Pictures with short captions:
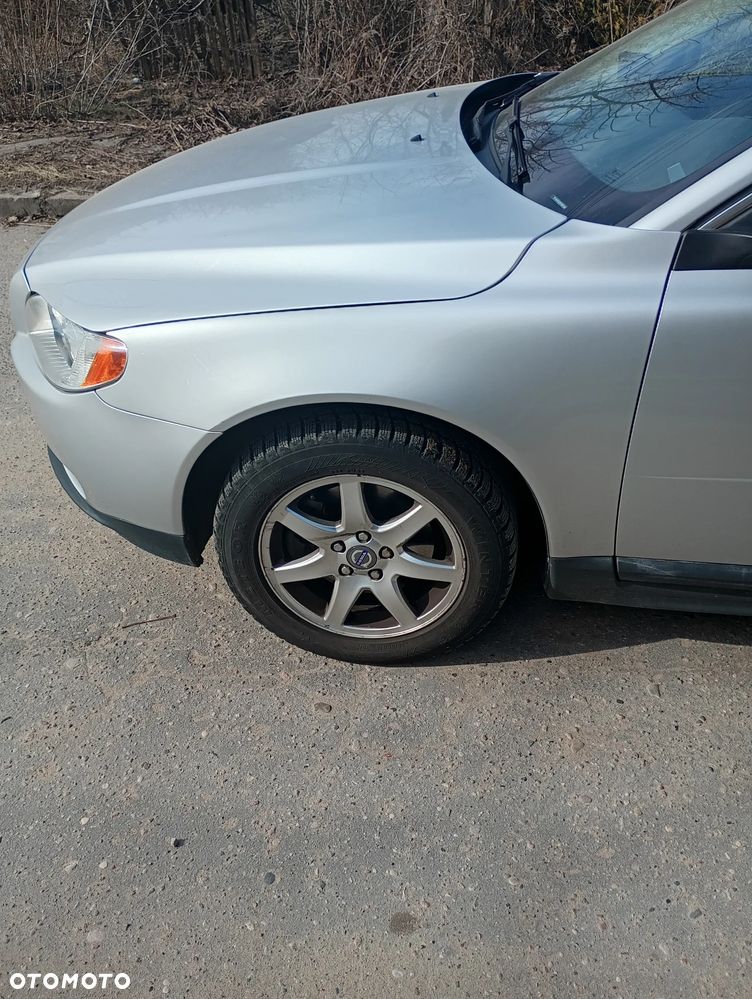 Volvo S80 - 18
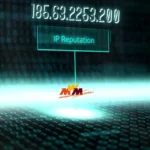 185.63.2253.200: The Mysterious IP That Breaks the Rules of IPv4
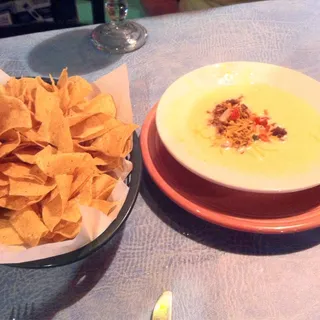 Queso el Head Honcho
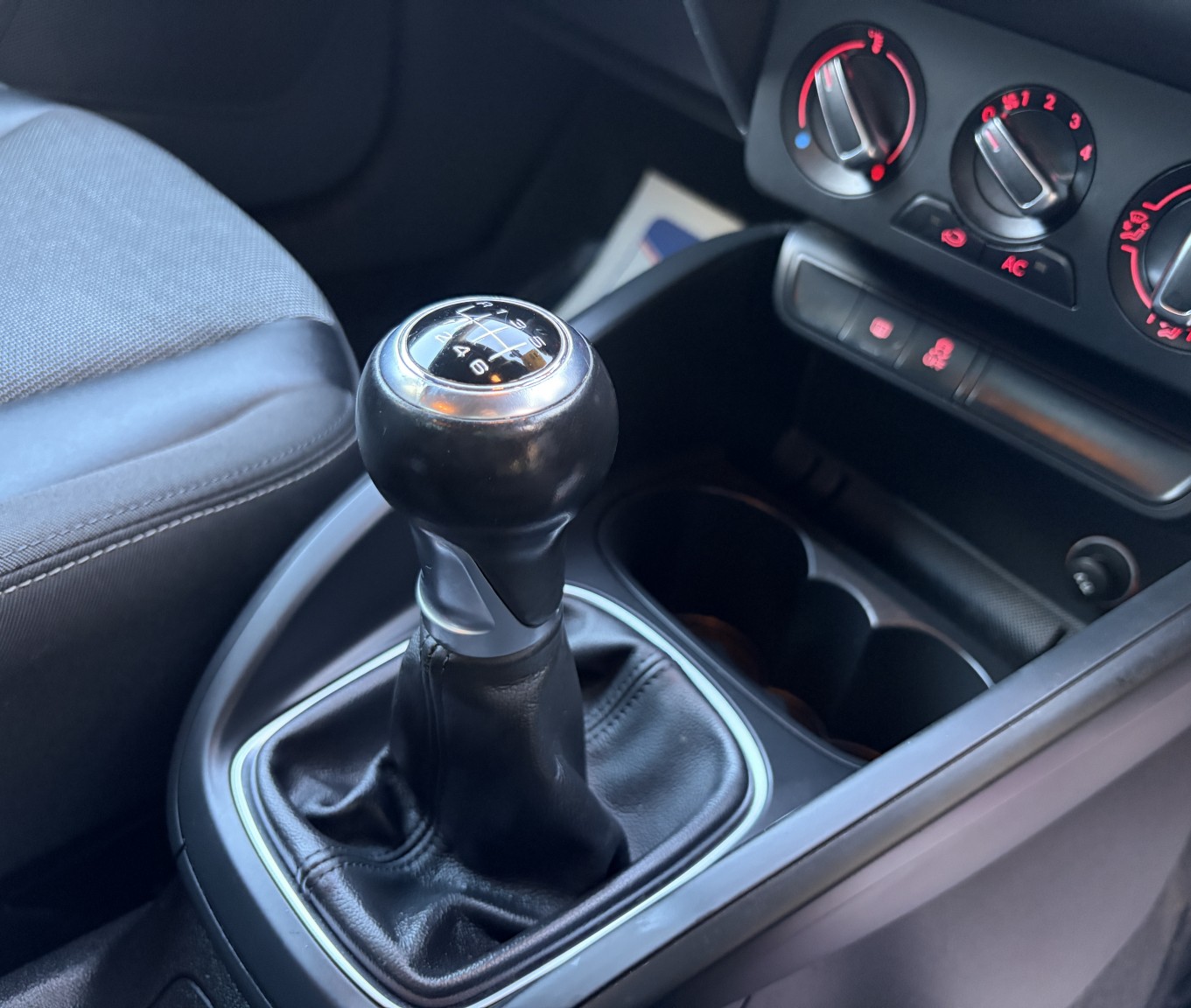 Used Audi A1 2012 for sale - 76830387: Photo 21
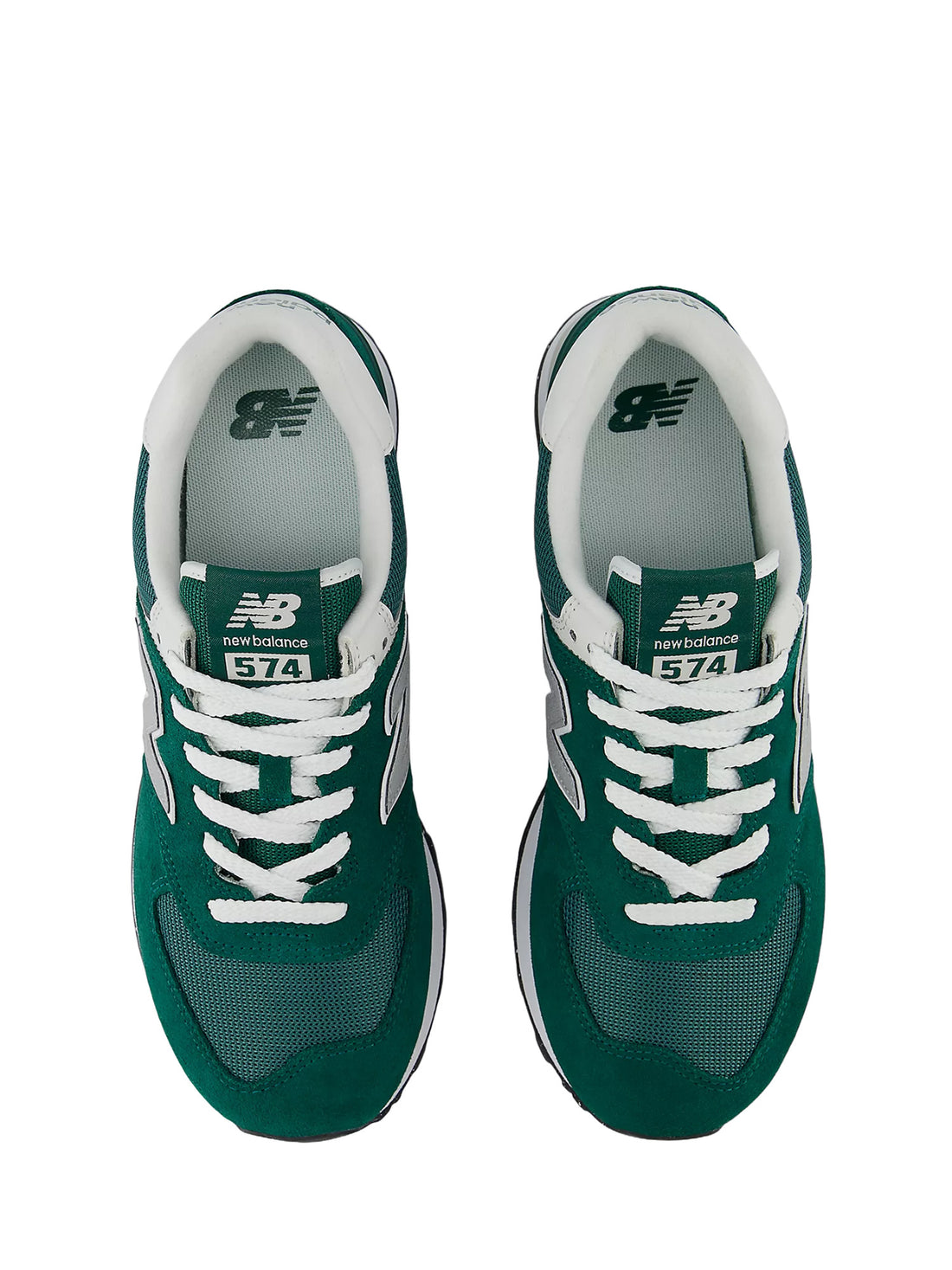 Sneakers Verde New Balance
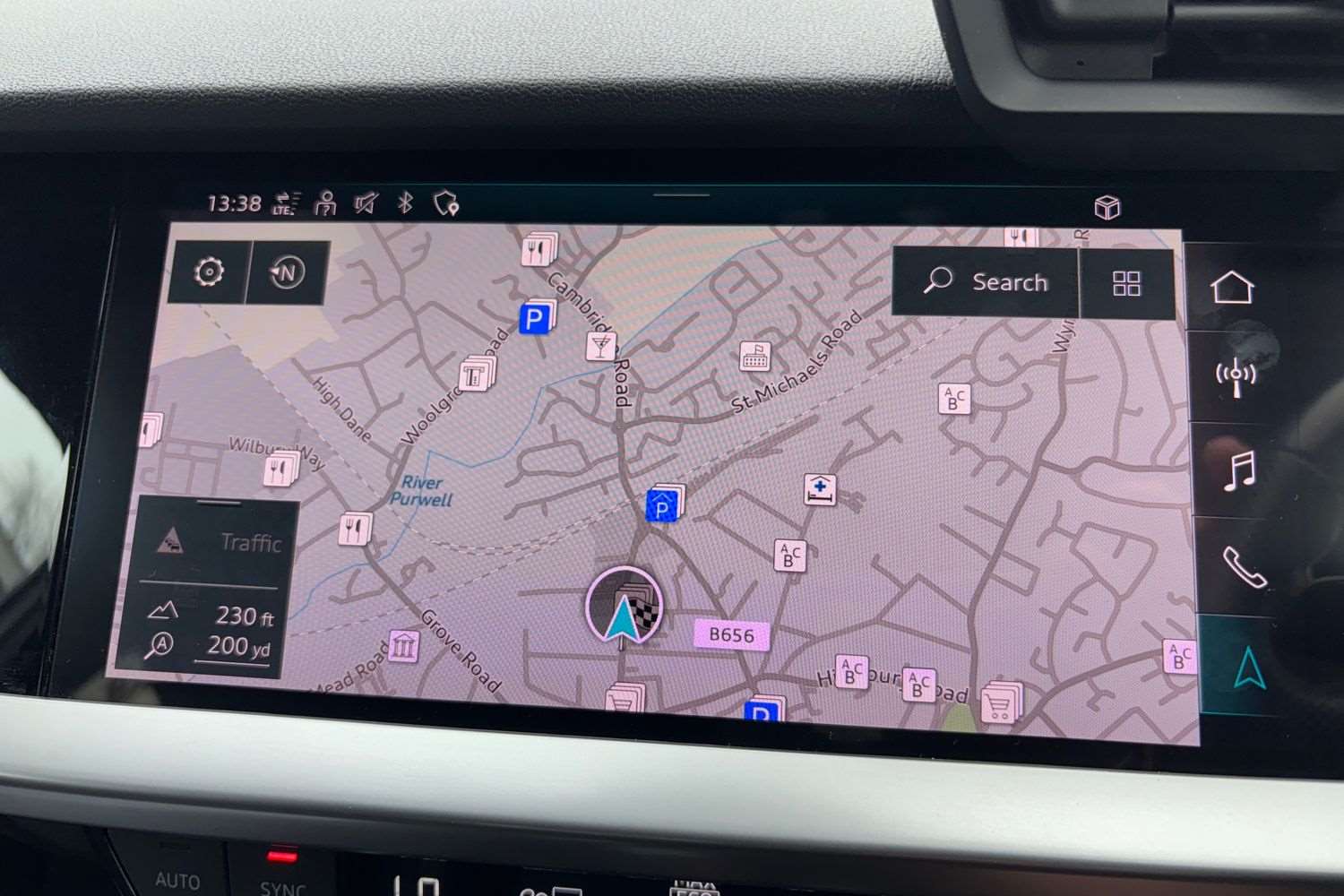 Used Audi A3 2022 for sale - 78010521: Photo 29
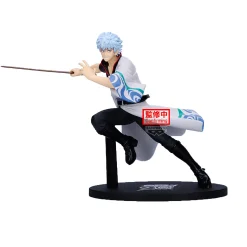 Gintama - Gintoki Sakata Vibration Stars Figuur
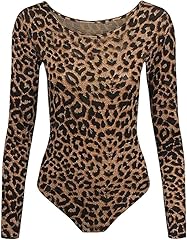 Reshmena leotard long for sale  Delivered anywhere in UK
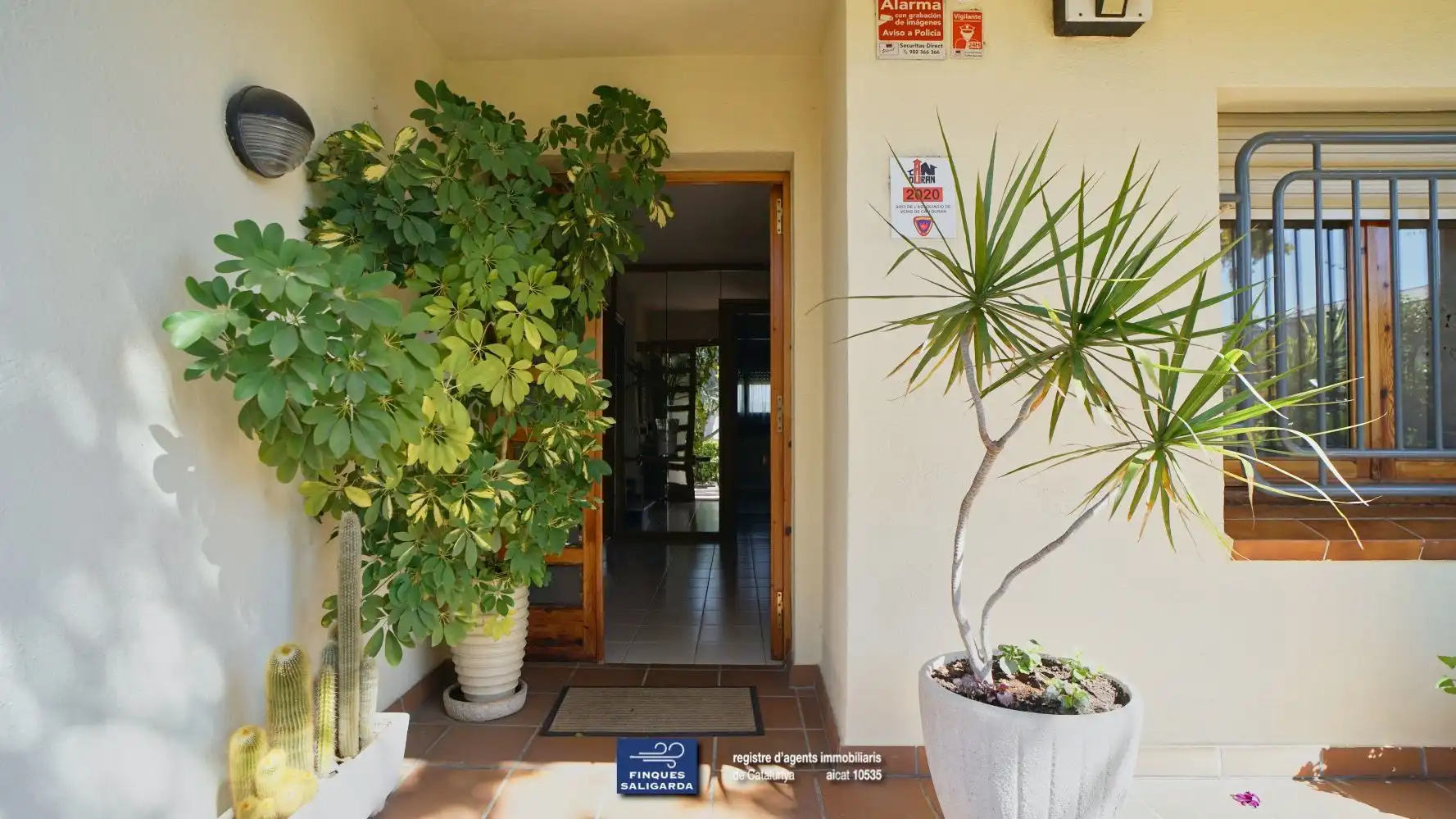 Casa o chalet en venta en Canovelles con Aire acondicionado, Calefacción y Terraza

_Exercise prompt_. Repeat the records word for word. Any picture in them should be left out.

_Solution_.
 Volvo S80 - 18
 185.63.2253.200: The Mysterious IP That Breaks the Rules of IPv4
 Queso el Head Honcho
 Used Audi A1 2012 for sale - 76830387: Photo 21
 Sneakers Verde New Balance
 Used Audi A3 2022 for sale - 78010521: Photo 29
 Gintama - Gintoki Sakata Vibration Stars Figuur
 Reshmena leotard long for sale  Delivered anywhere in UK
 Casa o chalet en venta en Canovelles con Aire acondicionado, Calefacción y Terraza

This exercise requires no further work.